This emerged at a stakeholder consultation workshop held in Harare last week on the review and alignment of broad-based women’s economic empowerment framework to national development frameworks, which was facilitated by the University of Zimbabwe’s Department of Economics and Development on behalf of the Ministry of Women Affairs, Community, Small, and Medium Enterprise Development.

Dr. Moses Chundu, a Lecturer of Economics at the UZ, while facilitating the workshop, said the programme is in sync with the United Nations (UN) that seeks to achieve gender equality and empower all women and youths as enunciated in the Sustainable Development Goals 5 and 8.

“The UN also seeks a global world defined by full and productive employment and decent work for everybody and equal pay for equal work of equal value for all men and women (UN, 2018, SDG 5, SDG 8).

“Zimbabwe is currently in its fifth generation of ILO Decent Work Country Programme (DWCP), which runs from 2022 – 2026 in line with the National Development Strategy, 1 (2021-2025),” Dr. Chundu said.

Support to DWCP is being delivered through the Sustainable Enterprise Development for Women and Youth (SEDWAY) project, 2022 – 2026 funded by the African Development Bank.

The current project relates to Component 2 of the SEDWAY programme (Institutional support, enabling frameworks and access to markets) which seeks to enhance the institutional capacity of the Government of Zimbabwe to improve the enabling environment for women and youth inclusion to align with the National Development Strategy 1(NDS1).

The Decent Work Country Programme (DWCP) is a vital instrument for promoting gender equality and non-discrimination and raising the visibility of women workers’ rights.

Zimbabwe has Vision 2030 which reflects the collective aspirations and determination of citizens towards a Prosperous and Empowered Upper Middle Income Society by 2030. Vision 2030 is to be realised through the Stabilisation Programme SP (2018-2020) and two successive Five-Year National Development Strategies; NDS1 (2021-2025) and NDS2 (2026-2030). To achieve the aspirations of Vision 2030, Zimbabwe developed its economic development blueprint, the National Development Strategy (NDS1).

The National Development Strategy 1 is a comprehensive way that tries to unlock the development trajectory of the country towards Vision 2030.

“However, the current Broad-based Women Economic and Empowerment Framework was developed in 2016, and may not be compatible with the provisions of NDS1 and Vision 2030. Hence, a need to align the broad-based women’s economic empowerment framework with national development frameworks as part of the framework review,” Dr. Chundu said.

He added that the current study will guide women’s economic empowerment activities in line with the National Development Frameworks and national, regional and international standards on women’s economic empowerment and gender equity.

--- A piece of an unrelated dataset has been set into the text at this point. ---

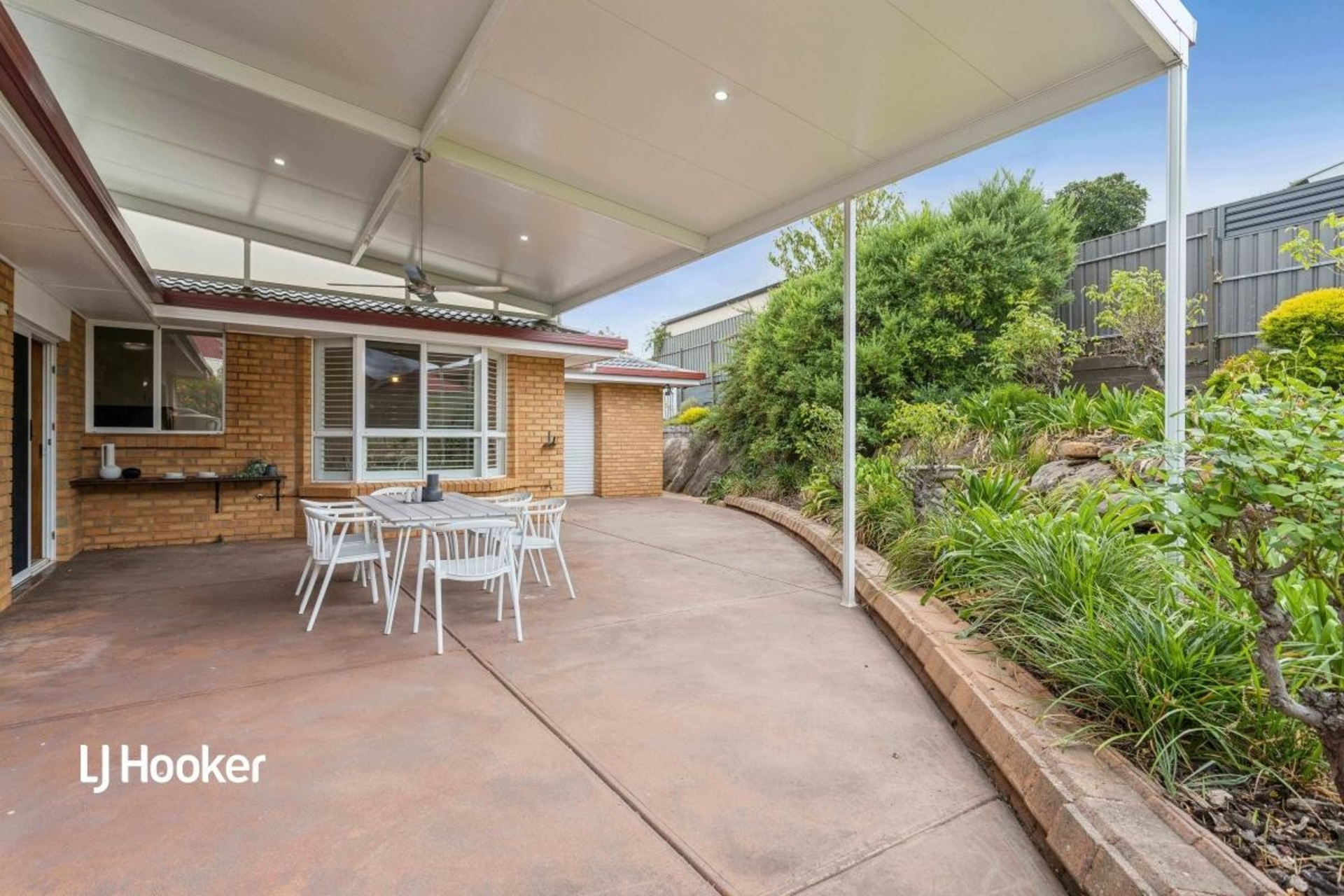 19 Shackleton Court, GREENWITH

It will also set the basis for women’s economic empowerment with an emphasis on employment, participation in key economic decisions, as well as informal and formal business ownership.

The study also seeks to identify adequate competencies for women and their institutions to take on business opportunities and, build partnerships, coalitions, institutions, and structures that accelerate women’s economic empowerment.

The study will also align the Broad-based Women Economic and Empowerment Framework with International Labour Standards and identify where there might be gaps.

In an interview with this publication, Annamarie Kiaga, Specialist on Informal Economy and Officer-in-Charge for the ILO Country Office for Zimbabwe and Namibia, emphasised the need to create jobs and conditions in which people can work – with freedom, equity, safety, and dignity.

“We should help the working poor, especially women and youth, to step out of poverty and informality into quality livelihoods. And that is why the ILO is at the forefront in helping countries like Zimbabwe, where more than 76 percent of workers are informally employed, develop policies that keep people moving into progressively better jobs with living wages, respect for workers’ rights, non-discrimination and gender equality, facilitating workers organization and collective bargaining, universal social protection, adequate pensions and access to health care,” Kiaga said.